La place de marché des données immobilières ouvrira en mars 2024

Elle a pour nom realdata for real estate et c'est une société à mission. Arnaud Anjoras et Laurent Escobar, deux de ses co-fondateurs, exposent les motivations, l'ambition et le fonctionnement de cette nouvelle entreprise, qui entend jouer un rôle clé dans la digitalisation et la transformation de l'immobilier. 

Équipe ADEQUATION

Publié le 06/12/2023

 

Vous venez de créer realdata for real estate : qu’est-ce que c'est ?

logo realdata

Arnaud Anjoras. C’est une place de marché où vont pouvoir se rencontrer des fournisseurs et des utilisateurs de données immobilières. Nous disons « immobilières » pour simplifier, mais le terme doit se comprendre dans toute son étendue et sa profondeur. Les données échangées seront autant d'angles sous lesquels l'immobilier peut être regardé : foncier, urbanisme, fiscalité, juridique, projets, BIM, valeurs, asset, performance énergétique, empreinte carbone, qualité bâtie, usages, property management, smart city, qualité de vie, demande, etc.

Laurent Escobar. Ce très large spectre vaudra pour le logement, l'immobilier d'entreprise et le commerce. Et ces données concernent des acteurs très nombreux, qu'ils en soient propriétaires, producteurs ou utilisateurs : collectivités, aménageurs, promoteurs, bailleurs sociaux, institutionnels, banques et assurances, entreprises, brokers, BTP, énergéticiens, fournisseurs de matériaux, syndics, régies, agences immobilières…

Par rapport à d'autres secteurs de l'économie, la digitalisation des filières urbanisme-construction-immobilier se trouve un peu à l'âge de pierre. Et pourtant, la data est un levier incontournable aujourd’hui pour innover et devenir plus performant. 
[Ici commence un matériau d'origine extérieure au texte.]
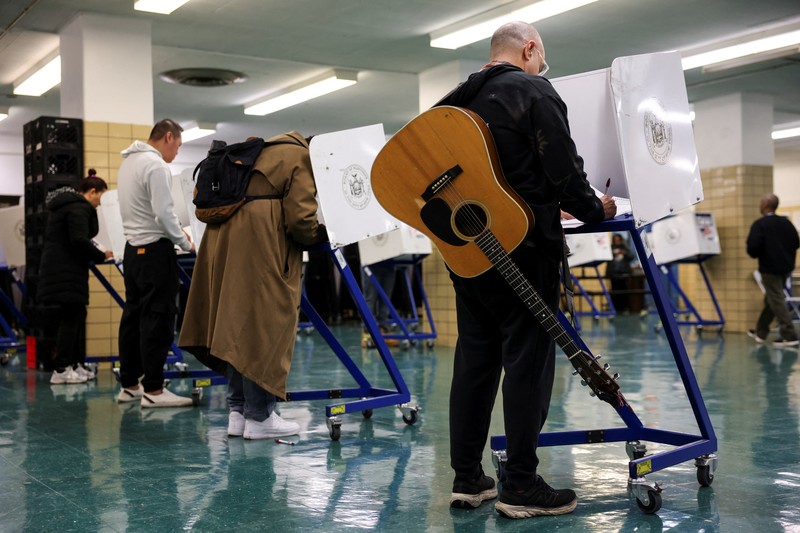 A man votes in the 2024 U.S. presidential election on Election Day, at Pittsburgh Manchester School in Pittsburgh, Pennsylvania, U.S., November 5, 2024. REUTERS/Quinn Glabicki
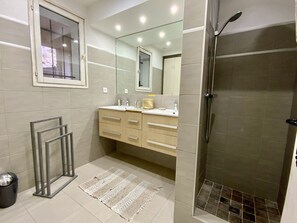 Shower, hair dryer, towels, soap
Mais il faut aussi regarder au-delà de la filière proprement dite. La plupart des activités économiques sont obligées de s’intéresser à leur immobilier, que l'on pense au retail, au tourisme, aux services publics, etc.

Illustration - les deux
les deux

Arnaud Anjoras, président & Laurent Escobar, directeur général de realdata for resl estate  

De votre part, pourquoi cette implication dans la data ?

AA. C’est une histoire qui remonte à la fondation d’ADEQUATION, puisque nous l’avons précisément créée, en 1992, sur le constat que les promoteurs immobiliers ne disposaient d’aucune donnée suffisamment exhaustive et détaillée pour réaliser leurs études de marché. Beaucoup d’eau a coulé sous les ponts depuis, mais la société est restée fidèle à ce positionnement conjuguant conseil et production de données. C'est l’occasion de rappeler que realdata for real estate est totalement indépendante d’ADEQUATION. Les deux sont détenues par les mêmes associés : Xavier Longin dirigeant ADEQUATION ; Laurent et moi-même étant en mission opérationnelle pour realdata.

Nous avons pris conscience que le moment était venu de considérer la data immobilière, dans la définition large que nous venons de lui donner, comme un marché à part entière. Et c’est justement pour structurer, voire pour faire exister ce marché qui n’est encore que très embryonnaire, que nous créons realdata for real estate.

LE.  Il faut ajouter que, dès 2018, au sein du think tank LIFTI, nous avons été très mobilisés sur l’open data du foncier [ouverture des demandes de valeurs foncières]. L’enjeu était d’arriver à rendre ces données compatibles avec les usages que pouvaient en avoir les acteurs privés dans leurs propres systèmes d’information, et de contribuer ainsi à la diversification de la réutilisation des données ouvertes par le public. Nous avons constitué et animé des groupes de travail et nous avons beaucoup appris, tant sur les aspects techniques que juridiques liés à l’ouverture des données que sur les attentes des utilisateurs de données. Et nous continuons à collaborer avec le LIFTI dans le cadre de comités de projet.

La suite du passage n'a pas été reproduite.